The Time Machine (2002)

Alexander Hartdegen would seem to have it all.  He has a nice house, a job teaching at Columbia University and a girlfriend that’s crazy about him, even if he is absentminded.  He wants to ask Emma to marry him.  Shortly after popping the question, they’re mugged and Emma is killed.  This prompts Alexander to build a time machine to go back and save her.  He makes exactly one attempt to go into the past.  He’s successful in avoiding the mugger, but Emma is still killed.

He instead decides to go into the future to see if there are any answers.  The first few stops show the normal progress.  We build bigger and flashier buildings.  We go to the moon.  But that progress comes at a price.  An accident causes the moon to fracture.  Some people go underground while others stay on Earth’s surface.

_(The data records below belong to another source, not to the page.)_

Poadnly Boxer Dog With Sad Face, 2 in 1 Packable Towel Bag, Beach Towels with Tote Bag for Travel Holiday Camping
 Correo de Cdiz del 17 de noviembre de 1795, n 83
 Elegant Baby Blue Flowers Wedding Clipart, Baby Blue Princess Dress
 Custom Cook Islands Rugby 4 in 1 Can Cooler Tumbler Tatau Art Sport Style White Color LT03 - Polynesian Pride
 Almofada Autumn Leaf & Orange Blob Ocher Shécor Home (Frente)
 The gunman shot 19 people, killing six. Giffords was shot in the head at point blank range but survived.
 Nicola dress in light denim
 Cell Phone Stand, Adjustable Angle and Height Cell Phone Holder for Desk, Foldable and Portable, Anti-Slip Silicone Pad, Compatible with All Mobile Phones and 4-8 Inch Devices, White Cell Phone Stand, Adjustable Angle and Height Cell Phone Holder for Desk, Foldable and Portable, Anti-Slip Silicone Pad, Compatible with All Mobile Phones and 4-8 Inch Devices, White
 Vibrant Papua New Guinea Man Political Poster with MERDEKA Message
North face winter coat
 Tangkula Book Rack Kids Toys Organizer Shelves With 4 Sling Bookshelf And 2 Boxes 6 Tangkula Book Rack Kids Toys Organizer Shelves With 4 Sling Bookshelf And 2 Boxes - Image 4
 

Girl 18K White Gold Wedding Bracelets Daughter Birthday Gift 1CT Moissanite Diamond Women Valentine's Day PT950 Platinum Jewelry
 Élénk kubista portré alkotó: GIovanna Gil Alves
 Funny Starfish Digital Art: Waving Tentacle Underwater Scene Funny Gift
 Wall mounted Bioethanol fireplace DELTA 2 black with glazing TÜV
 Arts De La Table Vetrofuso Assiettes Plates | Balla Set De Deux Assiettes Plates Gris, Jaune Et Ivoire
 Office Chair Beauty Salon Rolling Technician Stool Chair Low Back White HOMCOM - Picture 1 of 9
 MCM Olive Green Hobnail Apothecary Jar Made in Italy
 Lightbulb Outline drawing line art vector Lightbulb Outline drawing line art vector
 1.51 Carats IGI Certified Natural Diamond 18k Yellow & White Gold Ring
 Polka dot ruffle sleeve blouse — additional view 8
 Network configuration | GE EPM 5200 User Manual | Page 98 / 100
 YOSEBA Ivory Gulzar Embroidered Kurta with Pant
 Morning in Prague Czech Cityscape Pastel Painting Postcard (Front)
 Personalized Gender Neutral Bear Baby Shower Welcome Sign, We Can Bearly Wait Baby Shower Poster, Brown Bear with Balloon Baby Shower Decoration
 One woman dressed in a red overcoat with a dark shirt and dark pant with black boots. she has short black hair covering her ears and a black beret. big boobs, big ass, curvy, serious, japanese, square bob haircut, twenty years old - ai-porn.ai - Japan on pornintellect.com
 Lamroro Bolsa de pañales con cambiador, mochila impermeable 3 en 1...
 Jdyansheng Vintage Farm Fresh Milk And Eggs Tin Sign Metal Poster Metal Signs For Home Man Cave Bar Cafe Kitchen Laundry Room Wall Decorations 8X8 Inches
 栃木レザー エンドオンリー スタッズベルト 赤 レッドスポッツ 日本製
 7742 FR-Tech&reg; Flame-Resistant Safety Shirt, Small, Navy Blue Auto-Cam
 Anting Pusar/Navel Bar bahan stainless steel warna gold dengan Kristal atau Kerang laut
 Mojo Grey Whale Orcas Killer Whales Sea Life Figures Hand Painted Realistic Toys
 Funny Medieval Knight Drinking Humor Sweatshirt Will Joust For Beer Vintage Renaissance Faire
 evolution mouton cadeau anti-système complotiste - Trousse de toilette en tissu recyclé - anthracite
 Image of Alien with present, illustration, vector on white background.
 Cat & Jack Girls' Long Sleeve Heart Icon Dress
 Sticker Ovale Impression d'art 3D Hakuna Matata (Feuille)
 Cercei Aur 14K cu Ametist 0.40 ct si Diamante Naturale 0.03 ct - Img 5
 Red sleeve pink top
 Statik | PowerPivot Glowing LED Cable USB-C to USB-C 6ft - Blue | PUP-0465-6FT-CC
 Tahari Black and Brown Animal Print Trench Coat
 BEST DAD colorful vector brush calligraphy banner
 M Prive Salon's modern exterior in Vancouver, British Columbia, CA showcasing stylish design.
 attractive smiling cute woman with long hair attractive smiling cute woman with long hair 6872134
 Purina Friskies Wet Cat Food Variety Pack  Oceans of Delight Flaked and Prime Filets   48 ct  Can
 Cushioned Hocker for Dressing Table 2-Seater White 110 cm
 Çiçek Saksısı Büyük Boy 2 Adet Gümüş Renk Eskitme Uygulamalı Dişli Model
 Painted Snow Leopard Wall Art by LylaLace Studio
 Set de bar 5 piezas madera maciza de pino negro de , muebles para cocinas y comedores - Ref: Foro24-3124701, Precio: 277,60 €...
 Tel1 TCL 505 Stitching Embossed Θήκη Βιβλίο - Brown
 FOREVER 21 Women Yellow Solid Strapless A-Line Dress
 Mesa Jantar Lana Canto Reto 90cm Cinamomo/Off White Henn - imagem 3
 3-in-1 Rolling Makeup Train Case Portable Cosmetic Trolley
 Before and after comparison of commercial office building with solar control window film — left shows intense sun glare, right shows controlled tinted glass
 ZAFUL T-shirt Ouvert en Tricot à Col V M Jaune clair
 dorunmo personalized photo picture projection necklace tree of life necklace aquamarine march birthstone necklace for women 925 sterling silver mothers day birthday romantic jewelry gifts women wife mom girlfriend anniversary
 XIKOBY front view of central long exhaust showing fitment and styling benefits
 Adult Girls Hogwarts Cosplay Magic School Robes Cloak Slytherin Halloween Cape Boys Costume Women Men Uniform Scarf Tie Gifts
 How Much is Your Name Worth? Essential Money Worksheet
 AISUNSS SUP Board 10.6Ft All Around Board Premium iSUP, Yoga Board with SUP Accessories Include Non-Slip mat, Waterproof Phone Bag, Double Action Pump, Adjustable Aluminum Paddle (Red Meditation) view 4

Alexander goes forward to the year 802,701.  There, he finds the Eloi, who somehow speak English.  One Eloi, named Mara, cares for him.  As in the book and the 1960 film, the Eloi are ruled by the Morlocks.  Both are descendants of modern-day humans.  After seeing what becomes of the Eloi and Morlocks, Alexander takes it upon himself to destroy the Morlocks and free the Eloi.

This is one of many cases where I’d say the first attempt was better.  In fact, this interpretation was unnecessary and has a few issues.  It doesn’t really improve upon the first movie, nor does it really update it or the book.  It’s more a vehicle for flashy special effects and makeup that doesn’t quite work.

The biggest plot hole is that not only do the Eloi look human, but they’ve managed to keep English alive all these years.  Consider that the human species is about 200,000 years old.  We’ve changed over the millennia.  It doesn’t make sense that we’d retain that form 800,000 years from now.

Modern English is much more recent.  We’re talking centuries.  How is it that the language was preserved for so long?  Why would anyone go through that effort?  Again, look how language has evolved over the centuries.  The Über-Morlock, I get.  It’s said that he was bread for his mental abilities.  It makes sense that he’d be able to pull some sort of mental trick or something.

Another example of sloppy writing is that Alexander sacrifices his time machine to save the Eloi.  He has no way of checking to see if it worked.  He could have gone back in time to get help.  He could have done just about anything else.  How does he know that it worked?  For that matter, how does he know that this is the only group of Morlocks?

In the book and the original movie, the time machine was built to see what becomes of humanity.  By making it a way of saving a loved one, it takes a lot of the academic aspects out of the movie.  The technical aspect is secondary.  It’s just another way to have neat visuals.  The movie almost comes off as some sort of action parody of the book.